Here, Karin Purcell, development director at Marymount International School London, looks at the UK’s current preoccupation with reforming the curriculum for 11 to 16 year-olds, and examines the approach of the International Baccalaureate’s Middle Years Programme (MYP).
Currently the UK media is packed with headlines reflecting the controversy and debate surrounding GCSEs and the UK government’s proposals for reforming the curriculum for 11 to 16 year olds.
Here are but a few examples of recent headlines:
- “'Tick-box exercise' education is too focused on exams and kills imagination”
- “Is the curriculum putting students off learning?”
- “Will new generations be condemned to educational failure?”
- “GCSEs U-turn is a lost opportunity for improving our exam system”
Even for those who are familiar with the vagaries and complexities of the British education system, this can be puzzling and confusing. All governments of the day seem to have an insatiable desire to produce a constant stream of alterations, initiatives and reforms. For parents who are new to the UK this causes nothing short of utter bewilderment.
In choosing a well-established curriculum which can act as a viable and solid alternative to GCSEs, it would be wise to consider the International Baccalaureate’s Middle Years Programme (MYP) for this age group. Essentially the MYP curriculum delivers a well-rounded, broad education which focusses on holistic learning whilst fostering the development of communication skills, intercultural understanding and intellectual rigour.
At an age when students are naturally bursting with curiosity and poised to explore the world, the MYP is designed to develop this inherent energy and receptiveness. Always encouraged to take the initiative and to be creative, the student learns to enquire and think independently whilst continually making connections across all subject areas.

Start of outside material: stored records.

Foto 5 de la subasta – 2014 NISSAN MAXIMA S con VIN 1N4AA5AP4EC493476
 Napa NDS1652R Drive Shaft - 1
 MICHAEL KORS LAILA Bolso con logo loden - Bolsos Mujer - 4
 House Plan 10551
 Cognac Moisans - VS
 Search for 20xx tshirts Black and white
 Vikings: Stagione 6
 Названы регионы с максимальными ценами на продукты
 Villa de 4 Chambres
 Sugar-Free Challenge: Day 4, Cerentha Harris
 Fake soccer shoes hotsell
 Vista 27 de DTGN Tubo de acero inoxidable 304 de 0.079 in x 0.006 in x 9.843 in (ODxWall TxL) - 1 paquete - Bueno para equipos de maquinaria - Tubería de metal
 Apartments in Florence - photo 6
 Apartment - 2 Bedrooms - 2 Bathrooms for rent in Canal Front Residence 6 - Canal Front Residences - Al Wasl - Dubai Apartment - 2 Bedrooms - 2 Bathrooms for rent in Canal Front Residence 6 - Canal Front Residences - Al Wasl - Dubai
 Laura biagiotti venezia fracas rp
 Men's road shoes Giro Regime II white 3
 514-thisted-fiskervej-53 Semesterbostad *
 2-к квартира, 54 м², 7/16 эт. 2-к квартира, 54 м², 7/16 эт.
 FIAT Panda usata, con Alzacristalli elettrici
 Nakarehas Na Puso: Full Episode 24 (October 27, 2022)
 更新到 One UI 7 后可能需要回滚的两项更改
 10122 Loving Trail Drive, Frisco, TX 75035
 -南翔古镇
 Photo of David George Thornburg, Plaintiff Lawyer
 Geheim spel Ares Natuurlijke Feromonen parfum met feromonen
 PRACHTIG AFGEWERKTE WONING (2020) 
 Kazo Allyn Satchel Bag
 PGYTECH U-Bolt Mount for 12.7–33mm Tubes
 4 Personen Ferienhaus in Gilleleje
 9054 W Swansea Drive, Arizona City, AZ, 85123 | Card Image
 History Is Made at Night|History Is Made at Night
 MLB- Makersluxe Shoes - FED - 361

At the same time the curriculum is deliberately placed within a strong framework of values which is based on integrity, respect for others as well as compassion. This framework sets out to foster a student who is reflective, principled, knowledgeable, open-minded and balanced. Furthermore with a strong emphasis on educating students in a global context, language acquisition forms an essential part of the programme. Nothing could better equip the student with the necessary international mindedness and cultural fluency which are such useful tools both for further education as well as for the workplace.
As an MYP student reaches out to the next stage – to the IB Diploma and beyond – the benefits of the MYP programme truly come into their own. Independent research by the Higher Education Statistics Agency (HESA) shows that IB students are more likely than their peers with A-levels to enrol at one of the top 20 Higher Education Institutes in the UK.
Once enrolled, IB students obtained a higher percentage of First Class Honours and Upper Second Class Honours than A-level students. Furthermore, IB entrants into tertiary education institutions are less likely to drop out during the first year; as the product of a system which equips students with the necessary tools to cope under pressure, this should hardly be surprising.
The education of 11 to 16 year olds clearly cannot be seen in isolation. Within a wider context the benefits of the MYP certainly stack up. Having taught the MYP for 17 years, students and teachers at Marymount International School London attest to its effectiveness as a rock solid educational foundation capable of delivering skills and qualities which are essential for life in the twentyfirst century.